(DATASET EXCERPT Opens)

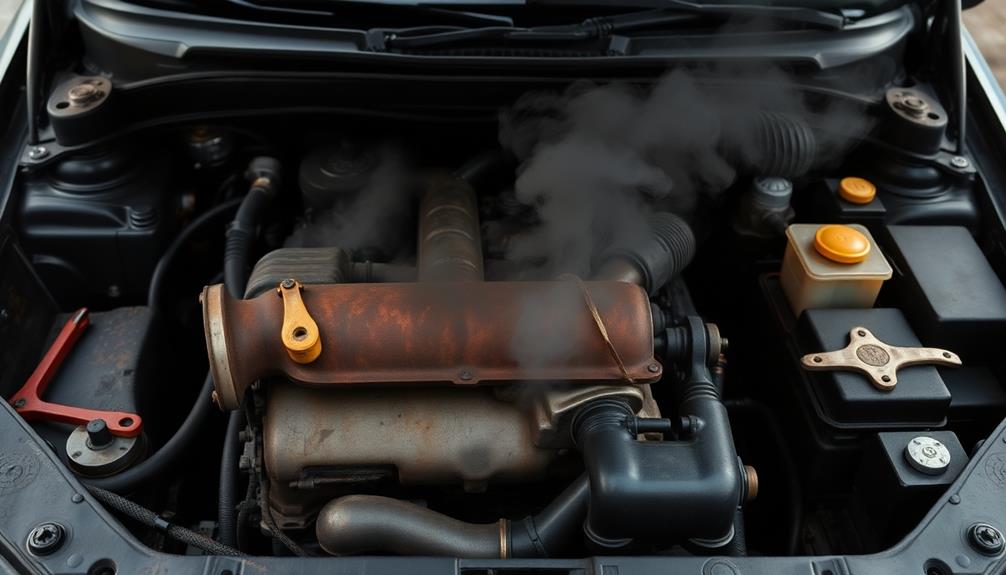 foul sulfur like odor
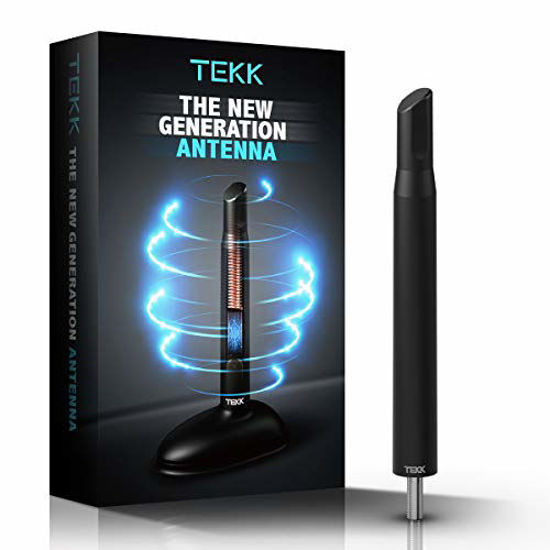 Picture of TEKK Short Antenna Compatible with Ford Raptor 2010-2020 | Designed for Optimized FM/AM Reception | 4.8 Inches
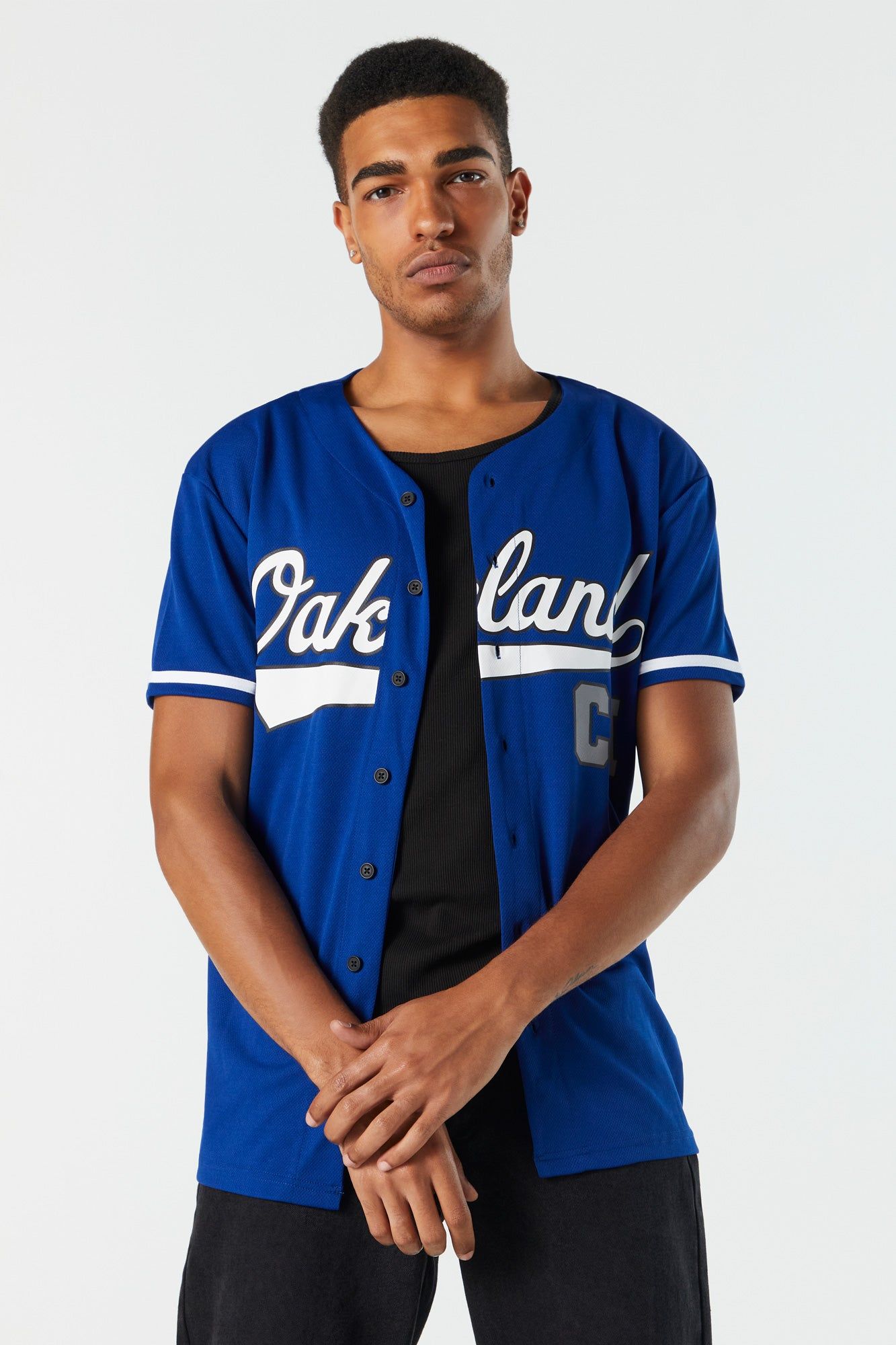 Oakland Graphic Baseball Jersey sold by Urban Planet
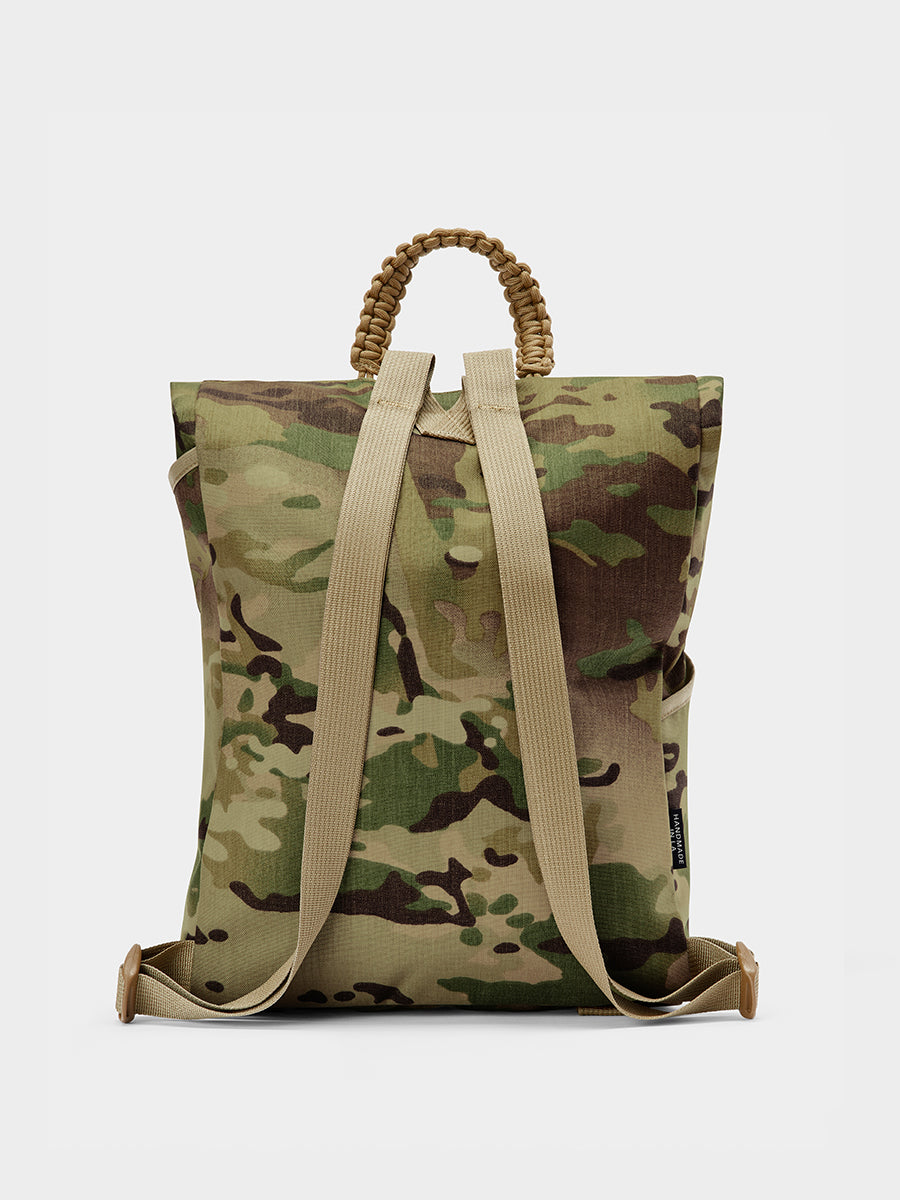MILTHREAD Swift flap backpack in Multicam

(DATASET EXCERPT Closes)

TO DO: What do the lines above say from the line containing "Oakland Graphic Baseball" through the last line? Quote them exactly, both ends included, and leave out the pictures.

RESPONSE:
 Oakland Graphic Baseball Jersey sold by Urban Planet
MILTHREAD Swift flap backpack in Multicam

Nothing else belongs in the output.